Source material:

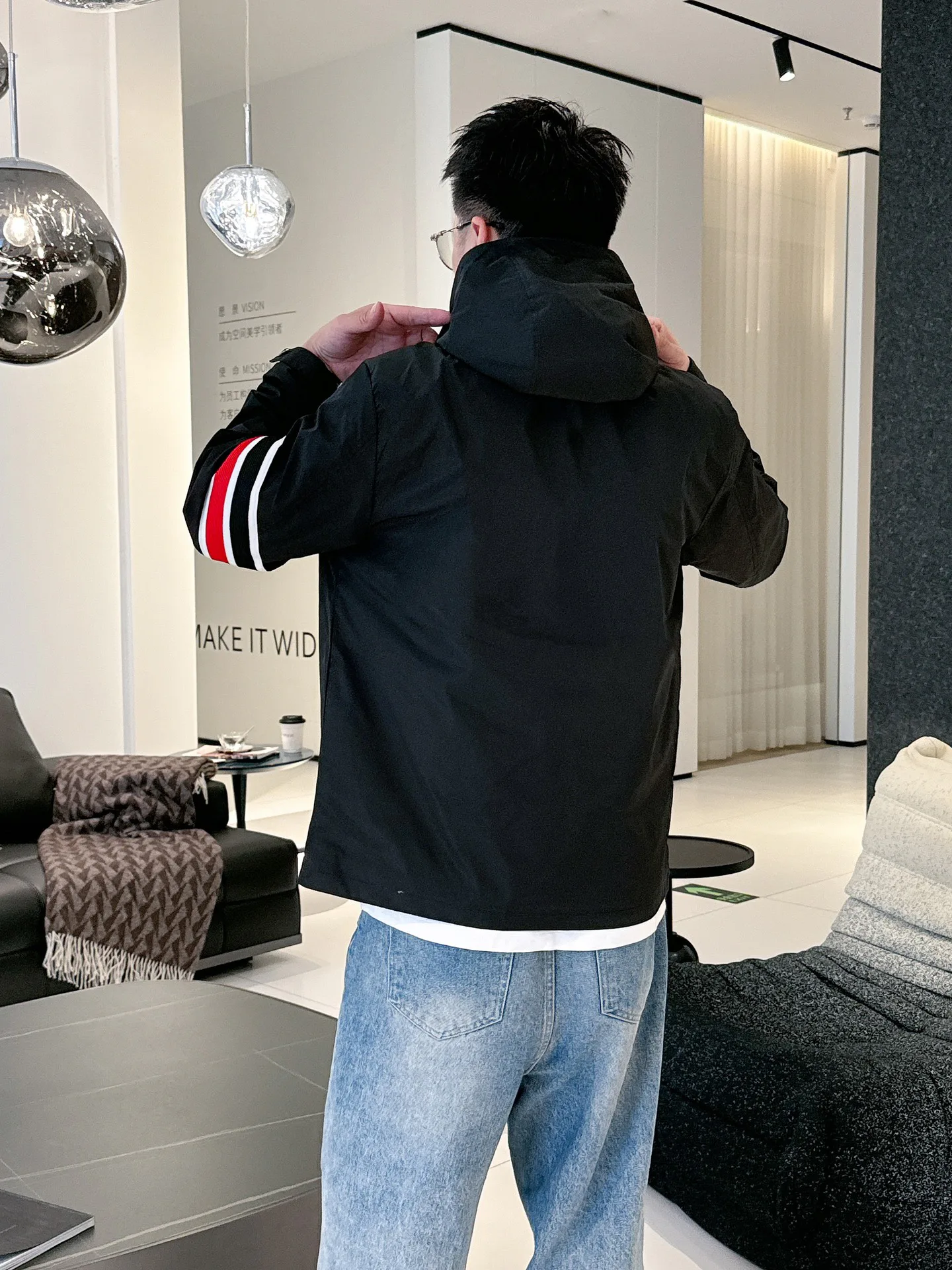 Куртки И Пуховики Мужские Moncler 4734122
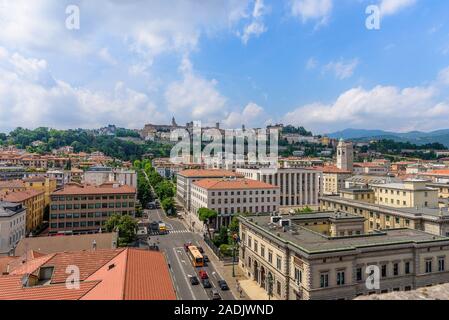 Blick von oben auf die Stadt Bergamo, niedrige und hohe Stadt im Hintergrund, blauer Himmel mit einigen Wolken Stockfoto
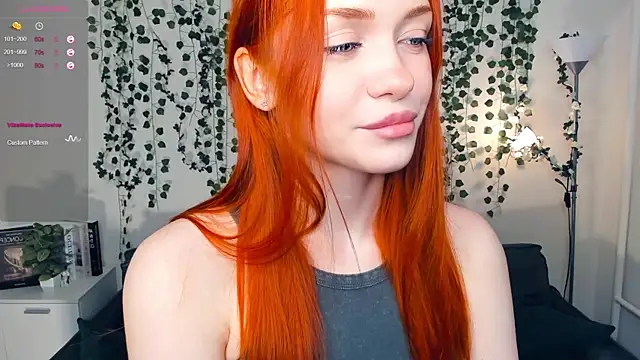 Snapshot of Foxy_blush chatting on 10-26-25, 07:09 Foxy blush online show from 10-26-25, 07:09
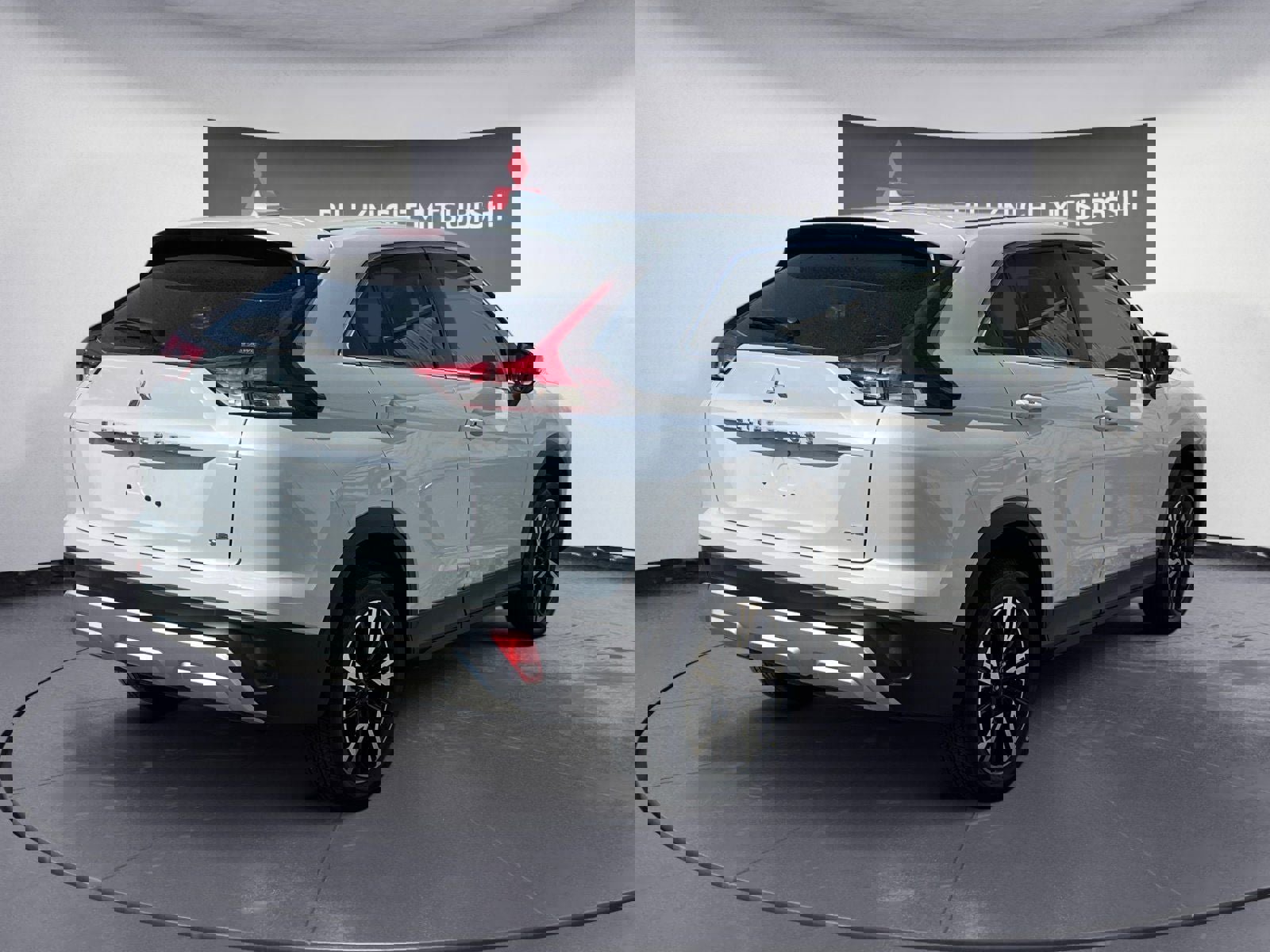 New 2025 Mitsubishi Eclipse Cross SE image 5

Work instruction:
Leave the pictures aside and print exactly, and only, the lines from the one with "Snapshot of Foxy_blush" through the end of the data, both included.

Your solution:
 Snapshot of Foxy_blush chatting on 10-26-25, 07:09 Foxy blush online show from 10-26-25, 07:09
 New 2025 Mitsubishi Eclipse Cross SE image 5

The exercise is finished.